„Nur, was blieb ihnen übrig? Der Mann hatte ihnen sogar Geld versprochen und, was noch wichtiger war, einen Platz in seinem Krankenhaus. Die Behandlung wäre umsonst, sagte er, bevor sie fragen konnten. Und so war sie ihm aus der Vorstadt nach Mitte gefolgt, hatte sich in der Frauenklinik einquartieren lassen, weit fort von zu Hause.“ (Track 1)
Berlin im Jahre 1924: Hulda Gold arbeitet nicht mehr als selbstständige Hebamme, sondern hat eine Anstellung in der neuen Frauenklinik in Mitte gefunden. Die Klinik ist modern, ermöglicht Hulda ein geregeltes Einkommen und somit mehr finanzielle Sicherheit, aber die eigentliche Tätigkeit ist für Hulda mehr als gewöhnungsbedürftig: Während sie bisher hauptverantwortlich für die Schwangeren, die Geburt und die Neugeborenen zuständig war, muss sie sich nun den Ärzten unterordnen, hat in dieser männerdominierten Welt weniger Rechte, wird nicht ernst genommen und verrichtet viele Handlangertätigkeiten.
Auch im Privatleben läuft es nicht allzu gut: Karl trinkt mehr und mehr Alkohol, und Hulda fragt sich, ob diese Beziehung überhaupt eine Zukunft hat.
Dann stirbt in der Klinik eine Frau bei der Geburt, obwohl zuvor alles komplikationslos aussah, und Hulda erfährt, dass es nicht das erste Mal ist, dass eine gesunde, fitte Frau auf dem OP-Tisch verblutet.
Ich kenne die beiden Vorgängerbände und bin zum erklärten Hulda Gold-Fan geworden, denn die Romane bilden die Stimmung im Berlin der 1920er Jahre wunderbar ab, bieten gelungene Einblicke in das Leben, den Alltag und den Klinikbetrieb der Zeit.

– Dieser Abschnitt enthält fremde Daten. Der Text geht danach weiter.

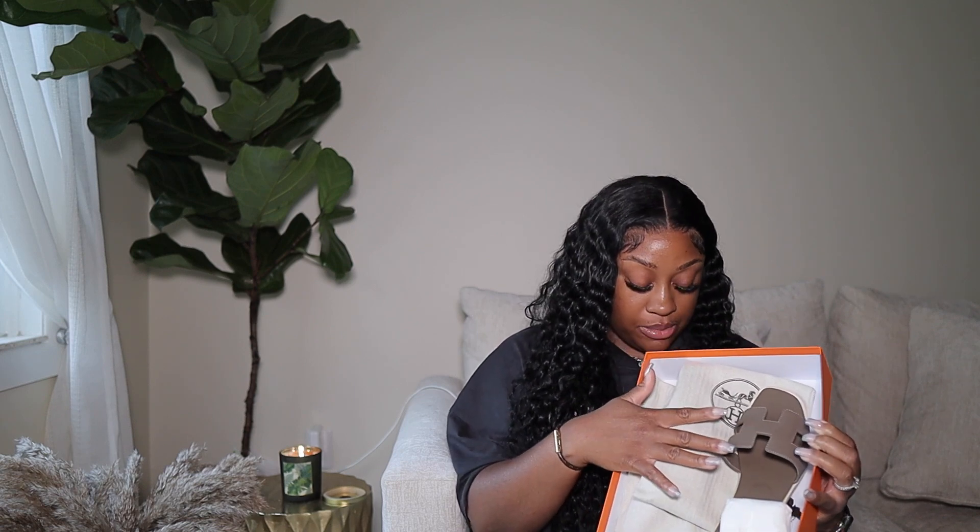I was trying to do a TikTok. If you guys don't follow me, go ahead and follow me on TikTok — it's PoshKBeauty. I was trying to film a TikTok while doing this, killing two birds with one stone. This is what it looks like when you open the box. I already took off the ribbon because I was filming a TikTok video as well.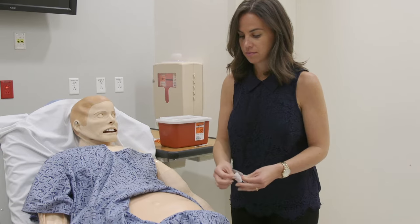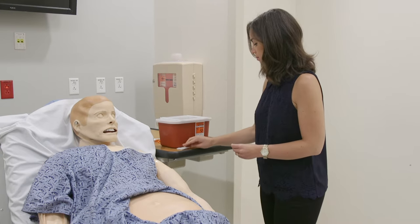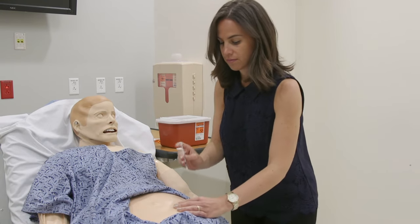Wipe your skin with an alcohol pad. Dry off any excess alcohol on your skin before injecting. Do not inject through clothing. Pinch a fold of your skin between your thumb and finger.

Auch die Entwicklungen im Privatleben Huldas sind spannend und unterhaltsam, so dass ich mich jedes Mal auf den neuen Band freue.
Im 3. Band spürt man zudem immer mehr, wie sich der Antisemitismus in Deutschland (und der Welt) ausbreitet und geradezu salonfähig wird – dies macht besonders neugierig auf den 4. Band der Reihe.
Wie immer ist auch die Lesung von Anna Thalbach gelungen und passt perfekt zur Geschichte.
Anne Stern: Fräulein Gold. Der Himmel über der Stadt. Band 3 der Serie „Die Hebamme von Berlin“. Gelesen von Anna Thalbach. Argon Verlag, 2021; 19,95 Euro.